* **PROBLEM TO WORK ON**: Starting at the line that contains "Trendyol Donne Plus", please transcribe every line through the end of the entries, exactly and with no pictures.

--- DATASET ---

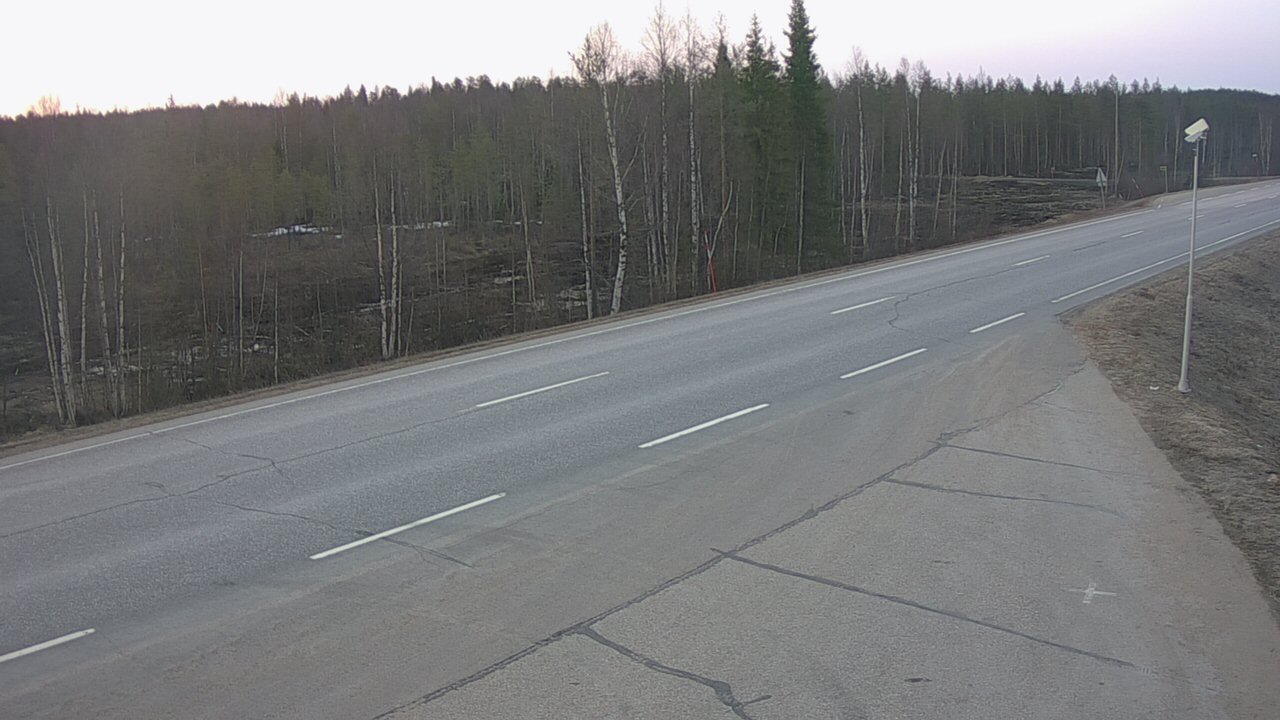 Weather Camera Image Road 5 4 Sodankylä, Petäjämaa, Sodankylä, Lappi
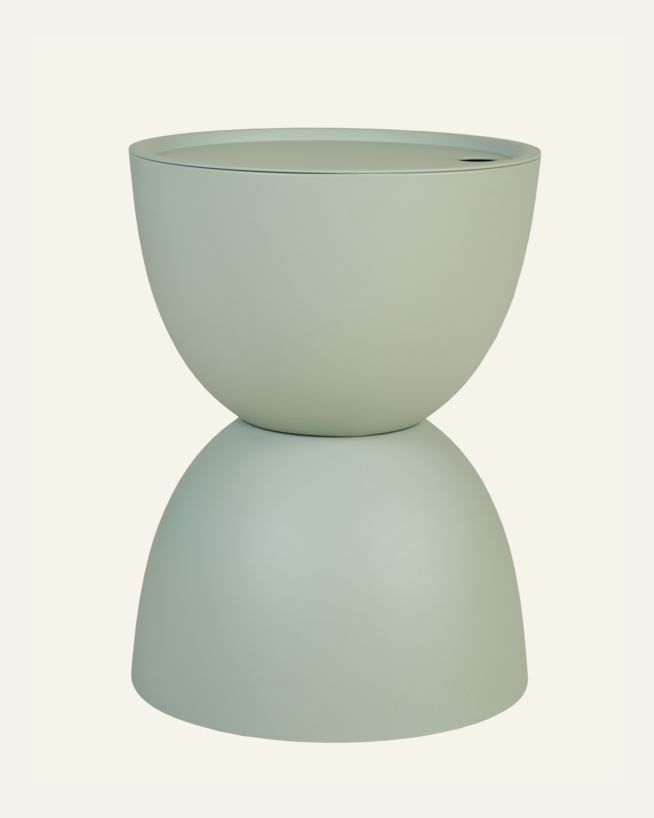 Puutarhapöytä vaaleanvihreä - h46 cm ø34 vaaleanvihreä - 1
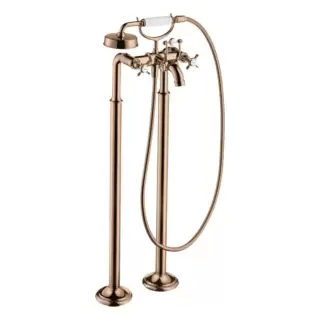 Axor Montreux Смеситель для ванны, напольный, с ручным душем, цвет: полированное красное золото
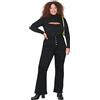 Trendyol Donne Plus Size Vita Alta Gamba Flare Plus Size Jeans, Nero, 42, Nero, 74/di più
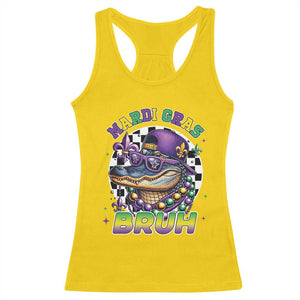 Bruh Mardi Gras Crocodile Racerback Tank Top Alligator Costume Teens Boys Kids TS10 Daisy Print Your Wear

---

* **ANSWER AREA**:
 Trendyol Donne Plus Size Vita Alta Gamba Flare Plus Size Jeans, Nero, 42, Nero, 74/di più
 Bruh Mardi Gras Crocodile Racerback Tank Top Alligator Costume Teens Boys Kids TS10 Daisy Print Your Wear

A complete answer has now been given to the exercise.